[[ Data shown, beginning ]]
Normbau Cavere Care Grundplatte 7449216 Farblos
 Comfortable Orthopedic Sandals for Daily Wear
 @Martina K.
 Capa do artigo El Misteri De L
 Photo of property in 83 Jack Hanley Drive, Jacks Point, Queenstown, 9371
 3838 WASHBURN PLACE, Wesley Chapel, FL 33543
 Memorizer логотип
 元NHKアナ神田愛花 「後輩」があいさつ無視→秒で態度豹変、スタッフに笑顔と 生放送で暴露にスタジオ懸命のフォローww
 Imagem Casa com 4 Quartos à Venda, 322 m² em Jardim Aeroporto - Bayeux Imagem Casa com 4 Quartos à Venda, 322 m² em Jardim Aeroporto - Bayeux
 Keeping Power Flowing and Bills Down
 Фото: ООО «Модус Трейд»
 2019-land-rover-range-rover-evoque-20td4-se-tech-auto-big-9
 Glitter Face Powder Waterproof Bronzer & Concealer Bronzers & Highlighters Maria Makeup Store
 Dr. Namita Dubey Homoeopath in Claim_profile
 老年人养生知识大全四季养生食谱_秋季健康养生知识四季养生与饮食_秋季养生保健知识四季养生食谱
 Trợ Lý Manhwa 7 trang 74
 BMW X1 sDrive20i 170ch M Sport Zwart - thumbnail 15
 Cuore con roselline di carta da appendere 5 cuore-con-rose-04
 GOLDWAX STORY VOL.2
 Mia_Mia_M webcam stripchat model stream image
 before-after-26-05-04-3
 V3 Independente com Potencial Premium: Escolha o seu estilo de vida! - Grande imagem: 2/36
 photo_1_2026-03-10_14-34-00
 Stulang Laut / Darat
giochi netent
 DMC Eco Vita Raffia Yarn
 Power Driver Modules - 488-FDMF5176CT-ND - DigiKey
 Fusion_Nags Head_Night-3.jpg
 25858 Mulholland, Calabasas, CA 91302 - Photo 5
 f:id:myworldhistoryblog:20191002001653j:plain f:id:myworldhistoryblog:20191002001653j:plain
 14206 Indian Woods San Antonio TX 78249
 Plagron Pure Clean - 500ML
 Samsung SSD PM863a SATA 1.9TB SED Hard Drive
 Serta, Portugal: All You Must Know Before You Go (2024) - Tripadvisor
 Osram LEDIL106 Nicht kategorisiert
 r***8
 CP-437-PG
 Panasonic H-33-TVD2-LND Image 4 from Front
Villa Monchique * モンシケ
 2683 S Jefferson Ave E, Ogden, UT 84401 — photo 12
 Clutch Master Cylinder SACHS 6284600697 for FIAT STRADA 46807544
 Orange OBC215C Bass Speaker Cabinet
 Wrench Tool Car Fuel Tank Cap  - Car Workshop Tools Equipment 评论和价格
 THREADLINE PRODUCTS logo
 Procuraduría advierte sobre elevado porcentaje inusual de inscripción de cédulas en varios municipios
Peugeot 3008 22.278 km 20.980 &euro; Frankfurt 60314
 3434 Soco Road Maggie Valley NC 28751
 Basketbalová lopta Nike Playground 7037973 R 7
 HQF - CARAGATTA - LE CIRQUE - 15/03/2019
[[ Data shown, end ]]
**Brief:**
Will you return exactly the lines above from the one with "Photo of property" down to the one with "Clutch Master Cylinder", counting both as part of the range?

**Answer for this exercise:**
 Photo of property in 83 Jack Hanley Drive, Jacks Point, Queenstown, 9371
 3838 WASHBURN PLACE, Wesley Chapel, FL 33543
 Memorizer логотип
 元NHKアナ神田愛花 「後輩」があいさつ無視→秒で態度豹変、スタッフに笑顔と 生放送で暴露にスタジオ懸命のフォローww
 Imagem Casa com 4 Quartos à Venda, 322 m² em Jardim Aeroporto - Bayeux Imagem Casa com 4 Quartos à Venda, 322 m² em Jardim Aeroporto - Bayeux
 Keeping Power Flowing and Bills Down
 Фото: ООО «Модус Трейд»
 2019-land-rover-range-rover-evoque-20td4-se-tech-auto-big-9
 Glitter Face Powder Waterproof Bronzer & Concealer Bronzers & Highlighters Maria Makeup Store
 Dr. Namita Dubey Homoeopath in Claim_profile
 老年人养生知识大全四季养生食谱_秋季健康养生知识四季养生与饮食_秋季养生保健知识四季养生食谱
 Trợ Lý Manhwa 7 trang 74
 BMW X1 sDrive20i 170ch M Sport Zwart - thumbnail 15
 Cuore con roselline di carta da appendere 5 cuore-con-rose-04
 GOLDWAX STORY VOL.2
 Mia_Mia_M webcam stripchat model stream image
 before-after-26-05-04-3
 V3 Independente com Potencial Premium: Escolha o seu estilo de vida! - Grande imagem: 2/36
 photo_1_2026-03-10_14-34-00
 Stulang Laut / Darat
giochi netent
 DMC Eco Vita Raffia Yarn
 Power Driver Modules - 488-FDMF5176CT-ND - DigiKey
 Fusion_Nags Head_Night-3.jpg
 25858 Mulholland, Calabasas, CA 91302 - Photo 5
 f:id:myworldhistoryblog:20191002001653j:plain f:id:myworldhistoryblog:20191002001653j:plain
 14206 Indian Woods San Antonio TX 78249
 Plagron Pure Clean - 500ML
 Samsung SSD PM863a SATA 1.9TB SED Hard Drive
 Serta, Portugal: All You Must Know Before You Go (2024) - Tripadvisor
 Osram LEDIL106 Nicht kategorisiert
 r***8
 CP-437-PG
 Panasonic H-33-TVD2-LND Image 4 from Front
Villa Monchique * モンシケ
 2683 S Jefferson Ave E, Ogden, UT 84401 — photo 12
 Clutch Master Cylinder SACHS 6284600697 for FIAT STRADA 46807544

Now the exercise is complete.